Et comme dans sa nervosité, elle tripotait l'accoudoir du canapé elle crut, à un craquement du meuble, que le mécanisme allait se mettre en marche. À la pensée qu'elle risquait de se retrouver basculant à la renverse avec Mme de Castel-Morgeat, elle éclata de rire, ce qui, pour lors, était déplacé.
Sabine se leva, blême.
– Vous vous moquez de moi !
– Je vous promets que non, affirma Angélique.
Le visage de sa visiteuse s'adoucit et elle sourit presque à son tour, en la regardant.
– Vous riez toujours !
Ç'avait été un des reproches d'Ambroisine, encore qu'Angélique ne se souvenait pas d'avoir été tellement gaie en sa présence.
– ... Je vous observe. Vous êtes gaie comme une femme qui... qui sait... qu'elle aura de l'amour quand viendra la nuit. Et qu'elle s'éveillera chaque matin, riche d'une encore nouvelle munificence, sûre d'être belle, d'être femme, d'être aimée. Et non pas s'endormant chaque soir et se réveillant chaque matin en exilée éternelle de ce paradis auquel tous les humains ont droit sur cette Terre : l'Amour.
– Qui vous empêche d'y accéder, à ce paradis ?

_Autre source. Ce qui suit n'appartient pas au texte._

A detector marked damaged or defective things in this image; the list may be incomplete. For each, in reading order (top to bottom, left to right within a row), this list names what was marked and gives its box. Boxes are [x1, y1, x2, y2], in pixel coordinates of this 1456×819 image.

– Je n'attire pas l'amour.
– Parce que vous ne l'aimez point, et vous ne vous aimez point vous-même. Quelle maladresse envers la vie vous a donc poussée à vous haïr ainsi ? Savez-vous que moi que vous prétendez avoir tout reçu des fées à mon berceau, j'envie votre belle taille et votre poitrine sculpturale et vos cheveux noirs, si vous ne les cachiez point ? Vous êtes désirable, Sabine. Vos amants ne vous l'ont-ils jamais dit ?
– Des amants ! se récria-t-elle indignée. Qu'osez-vous dire ? Ah ! Je reconnais bien là la légèreté de votre morale.

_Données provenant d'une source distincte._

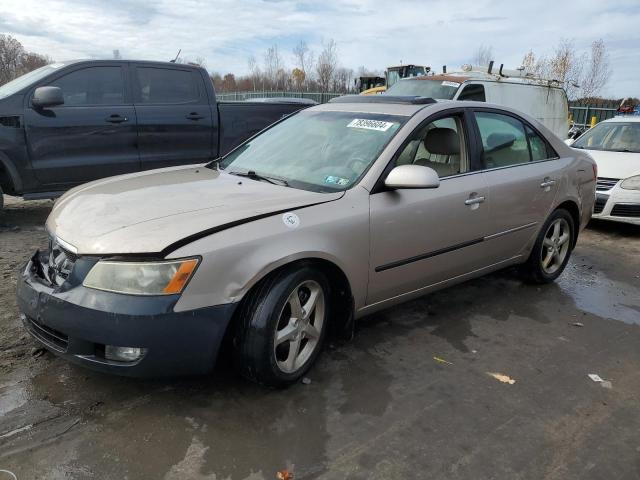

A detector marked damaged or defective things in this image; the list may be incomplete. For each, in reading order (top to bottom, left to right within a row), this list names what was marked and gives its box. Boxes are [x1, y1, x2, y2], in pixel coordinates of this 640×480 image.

damaged front bumper [16, 251, 238, 378] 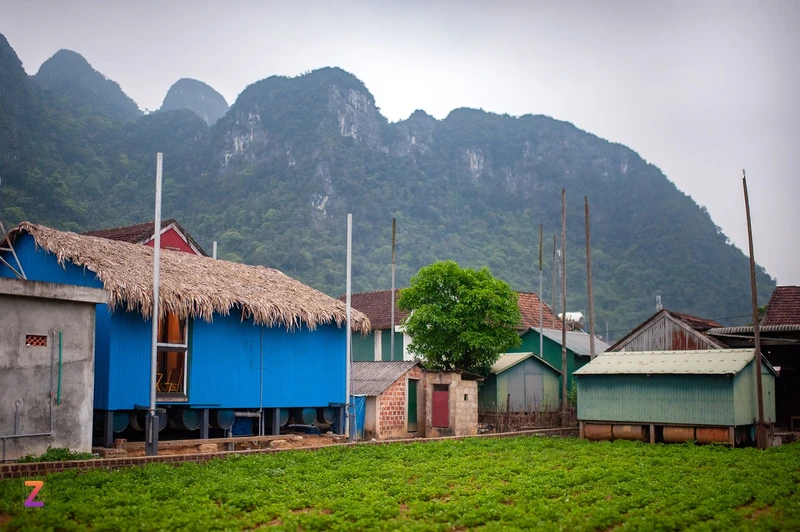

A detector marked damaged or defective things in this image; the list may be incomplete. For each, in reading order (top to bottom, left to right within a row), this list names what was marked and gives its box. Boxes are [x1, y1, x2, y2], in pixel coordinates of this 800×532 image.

rusty metal roof [354, 362, 422, 394]
rusty metal roof [572, 352, 780, 376] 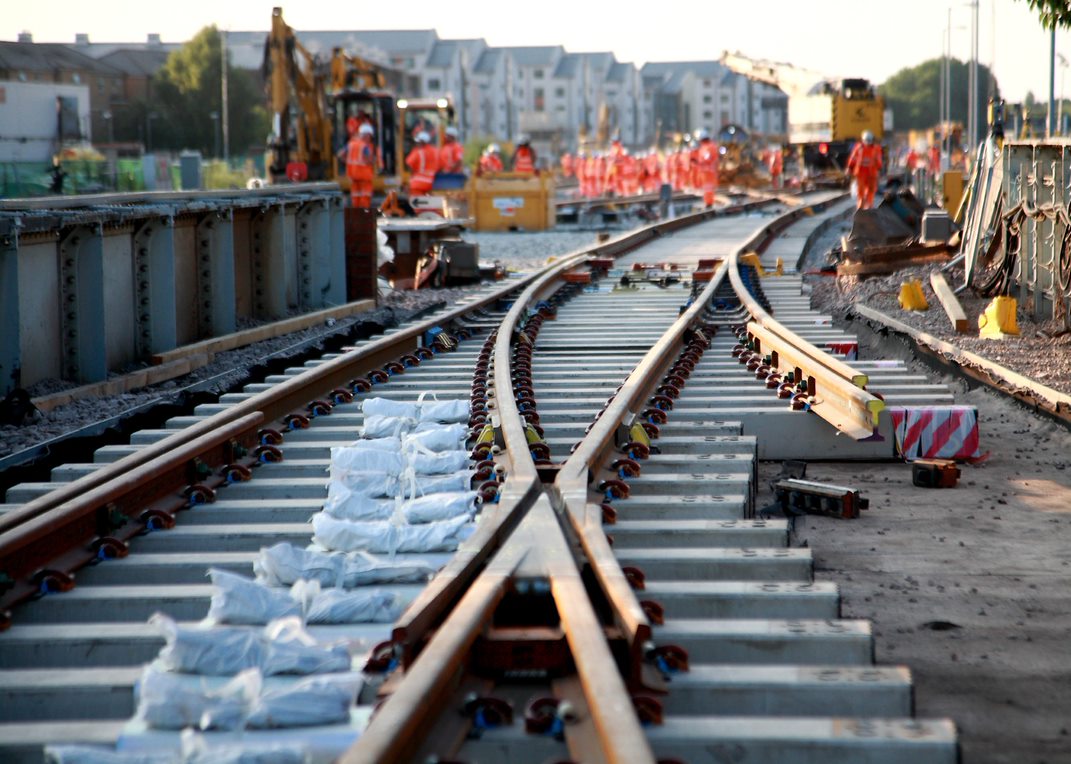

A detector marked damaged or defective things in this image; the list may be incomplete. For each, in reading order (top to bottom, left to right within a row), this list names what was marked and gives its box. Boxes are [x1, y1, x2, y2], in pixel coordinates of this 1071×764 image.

rusty steel rail [728, 197, 888, 438] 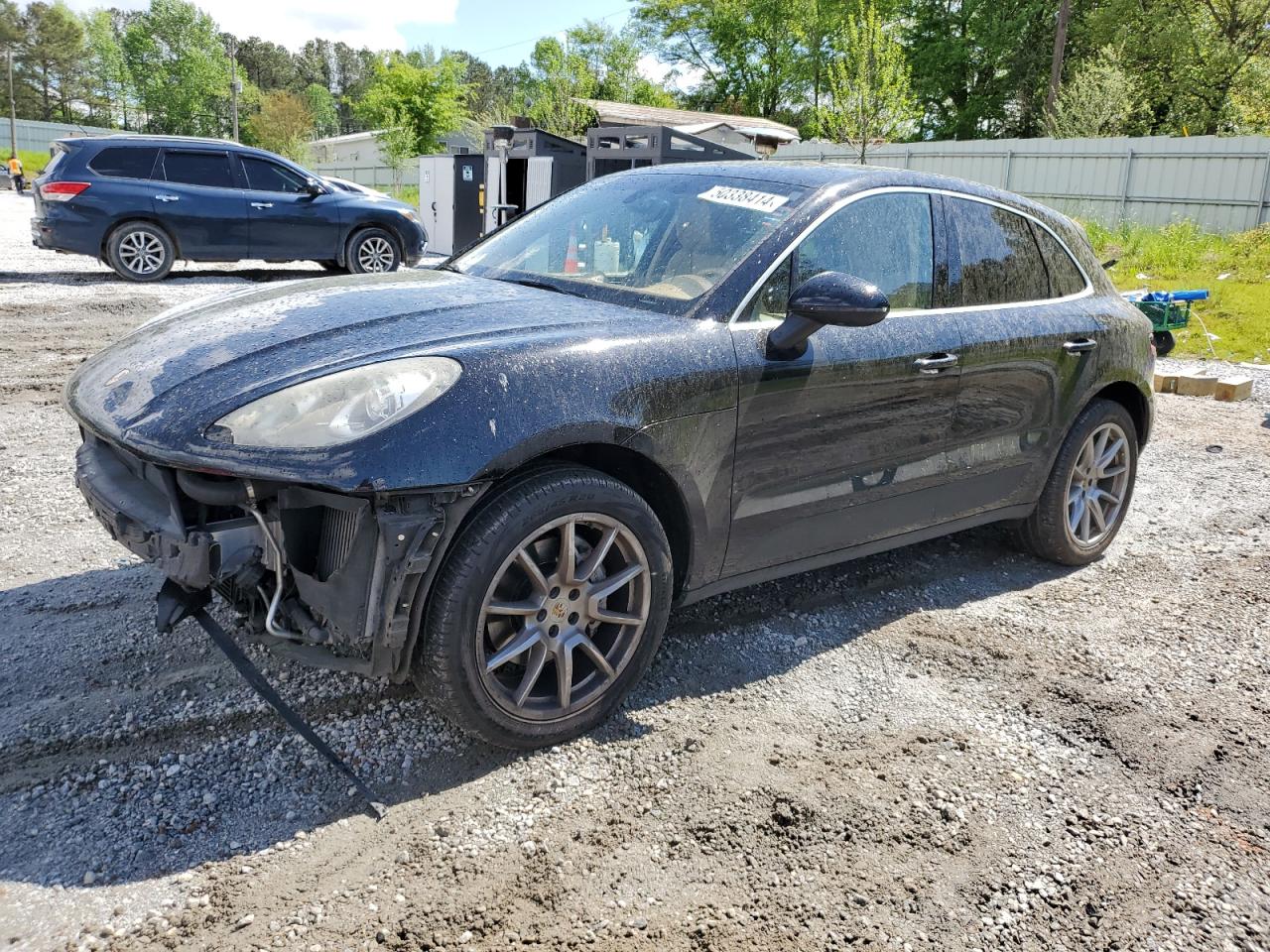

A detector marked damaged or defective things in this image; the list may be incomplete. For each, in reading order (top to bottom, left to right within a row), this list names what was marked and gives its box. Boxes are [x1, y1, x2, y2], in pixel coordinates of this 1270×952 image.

– Alors, tant pis pour vous ! À vous fréquenter, je me demande si la vertu la meilleure n'est pas encore celle qui consiste à être heureux, à jouir des plaisirs de ce monde. Vous vous êtes laissé enfermer dans votre amour brisé comme dans une maladie... Vous avez voulu vous venger de l'amour en le reniant, mais maintenant c'est lui qui se venge de vous...
Sous son regard – ce regard qu'elle estimait triomphant – Sabine se sentait comme une lépreuse.
Elle se maudissait aussi de ne pouvoir jamais s'entretenir de sang-froid avec Angélique.
Chaque fois qu'elle lui parlait, elle finissait toujours par souffrir comme une damnée de regrets et de jalousie.
– On voudrait pouvoir vous haïr, murmura-t-elle.
– Il me semble que vous ne vous en privez pas, riposta Angélique. Et tout cela parce que vous prétendez que je vous ai « pris » l'homme que vous aimiez ! Que savez-vous de cet amour ?...
– Dès que je vous ai vue sur le chemin de Toulouse, atroce, j'ai su que j'avais perdu la partie parce qu'il ne pouvait échapper à un charme comme le vôtre. J'ai su que vous alliez l'enchaîner totalement, lui cet homme de goût, ce sensuel qui aimait les femmes comme de beaux objets mais qui ne s'était encore jamais rendu à aucune. Et cela était si injuste que ce fût vous, une Poitevine ! Vous, si éloignée de notre civilisation.
– Parlons-en de votre civilisation ! s'exclama Angélique qui s'enflamma. Voici des sornettes dont j'aimerais mieux le voir se détourner et qui lui ont coûté assez cher.
Angélique jeta un regard autour d'elle afin de vérifier que personne ne se trouvait à portée de voix.
– Je trouve que mon mari s'intéresse beaucoup à votre civilisation depuis que nous sommes à Québec...
– Vous ne pouvez lui demander de renier la culture des troubadours.
– Il n'y a plus de troubadours ! Cela ne vous suffit-il pas qu'il ait été torturé, condamné, et banni, sans que vous le remettiez en danger maintenant qu'il parvient, après des années, à être reconnu et peut-être réhabilité ?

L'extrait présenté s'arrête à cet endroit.